What you return should be the exact lines from the one with "27 מונטיפיורי" to the end of the records below, both included, and no pictures.

[Opening PROVIDED RECORDS section]

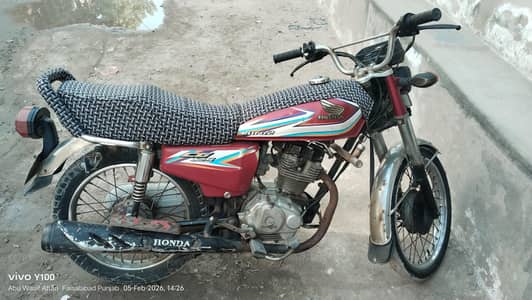 Honda CG 125 2016 Model - Engine 10/10 - FSD Registered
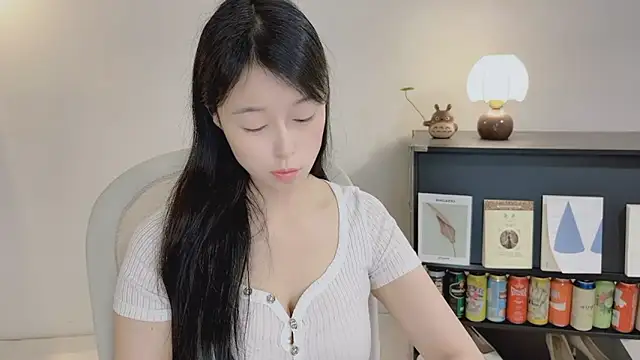 Onechestnut Adlı Modelin Canlı XXX Sohbeti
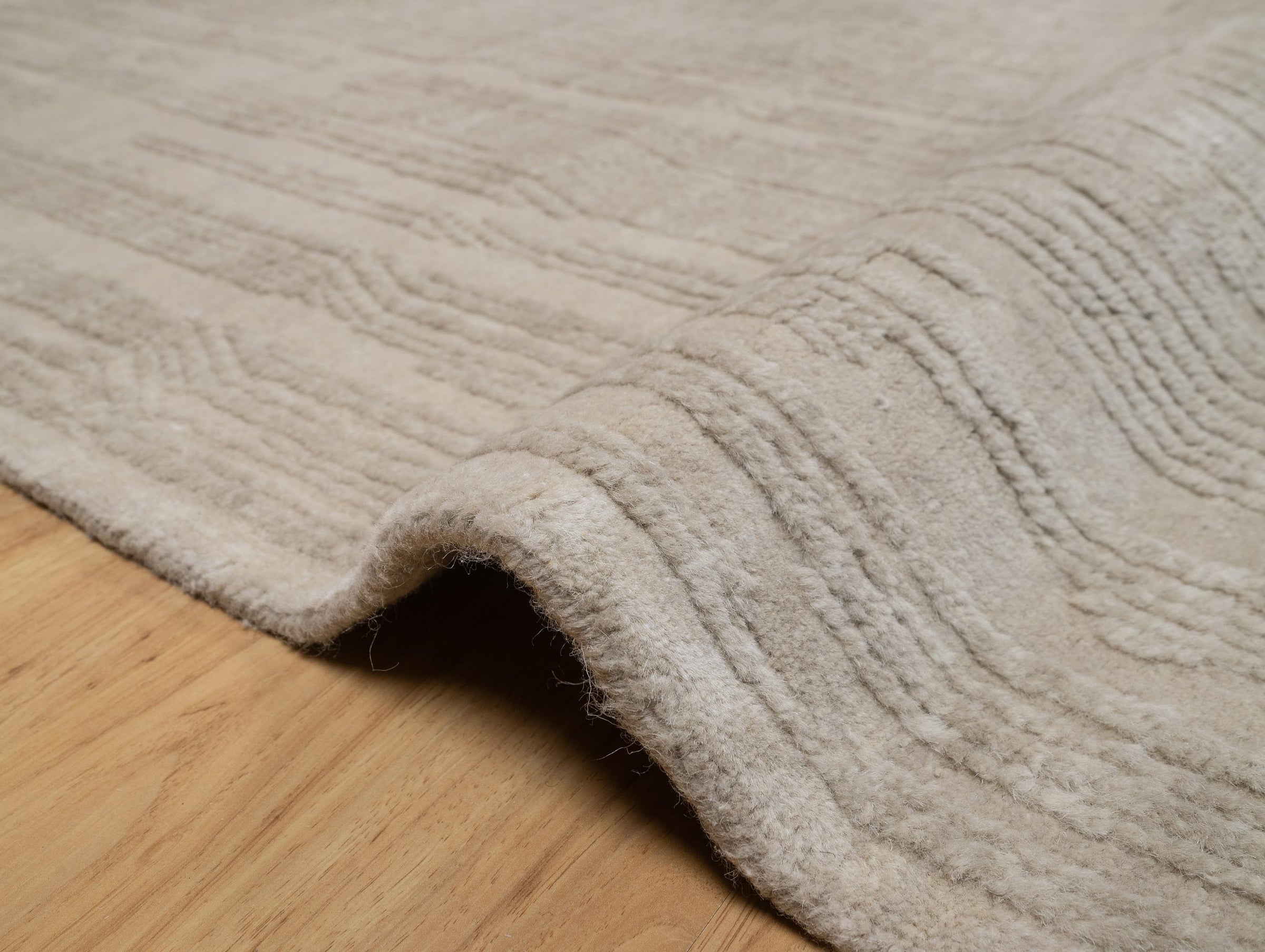 Still Water Mist Fog Wool Rug, Hand-Knotted Tonal Sheen, Soft Grey Greige Area Rug 8x10 | Custom Size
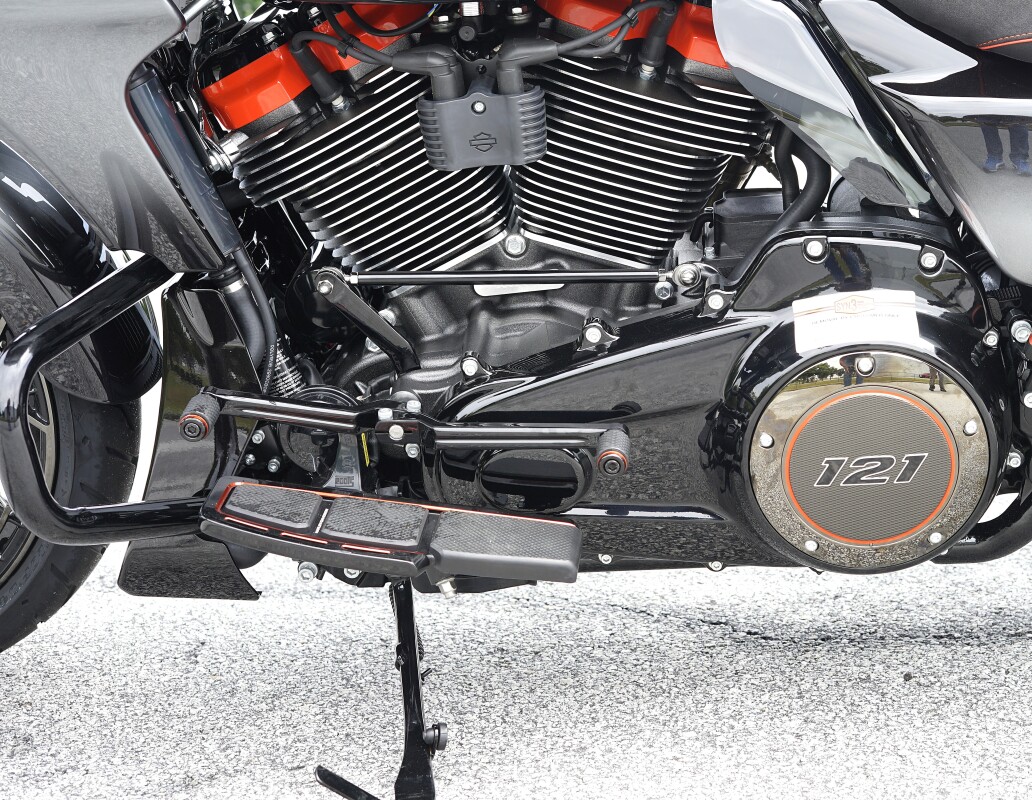 CVO Road Glide - Photo 4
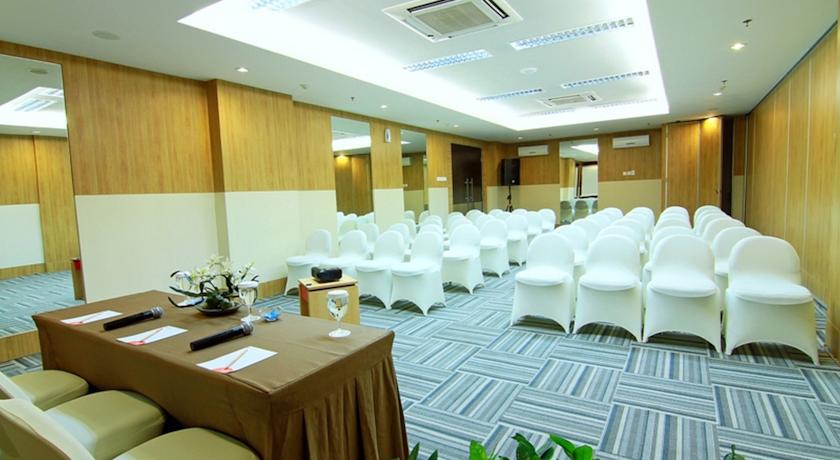 @Hom Semarang Simpang Lima Hotel Buitenkant foto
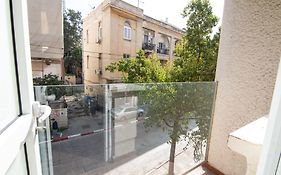 27 מונטיפיורי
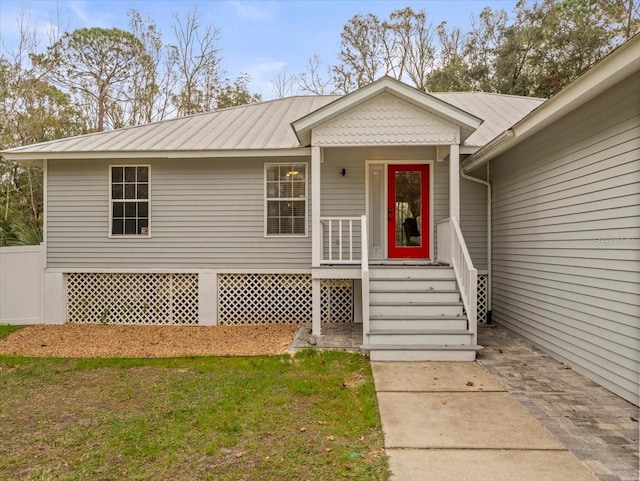 view of front facade with a front lawn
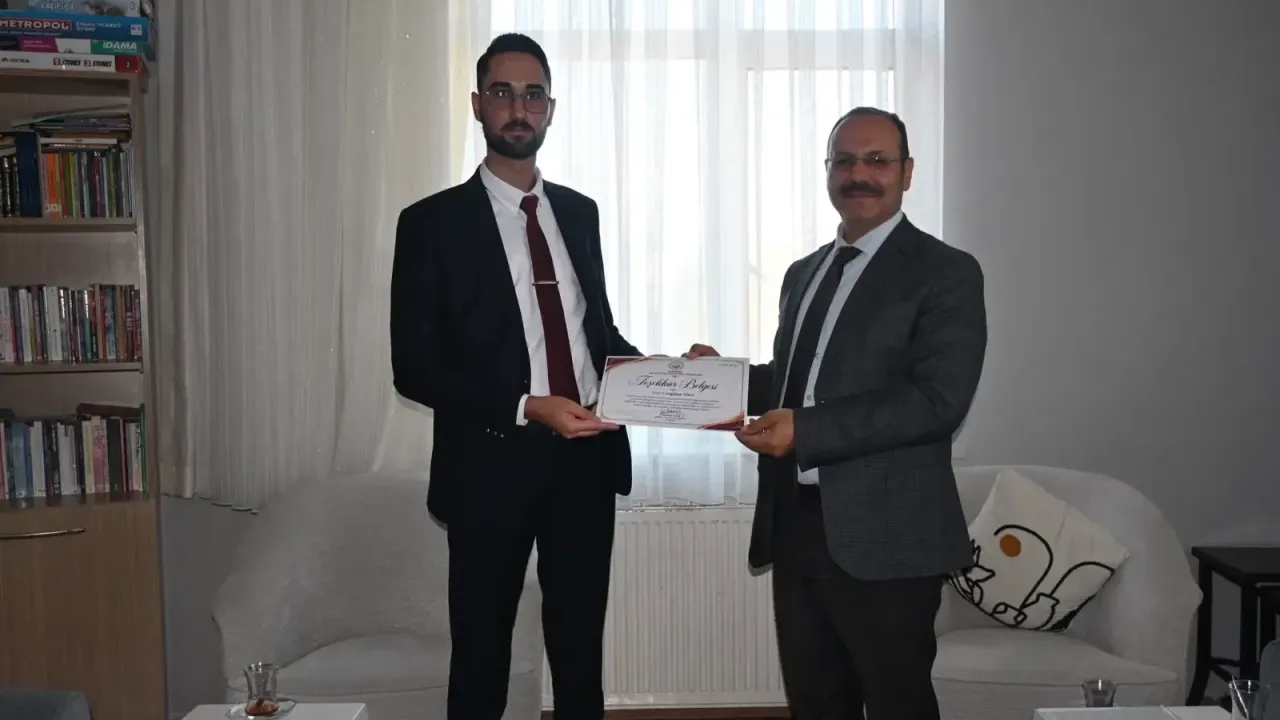 Gençler Çocuklara Rol Model Oluyor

[Closing PROVIDED RECORDS section]

OUTPUT FOR THIS EXERCISE
 27 מונטיפיורי
 view of front facade with a front lawn
 Gençler Çocuklara Rol Model Oluyor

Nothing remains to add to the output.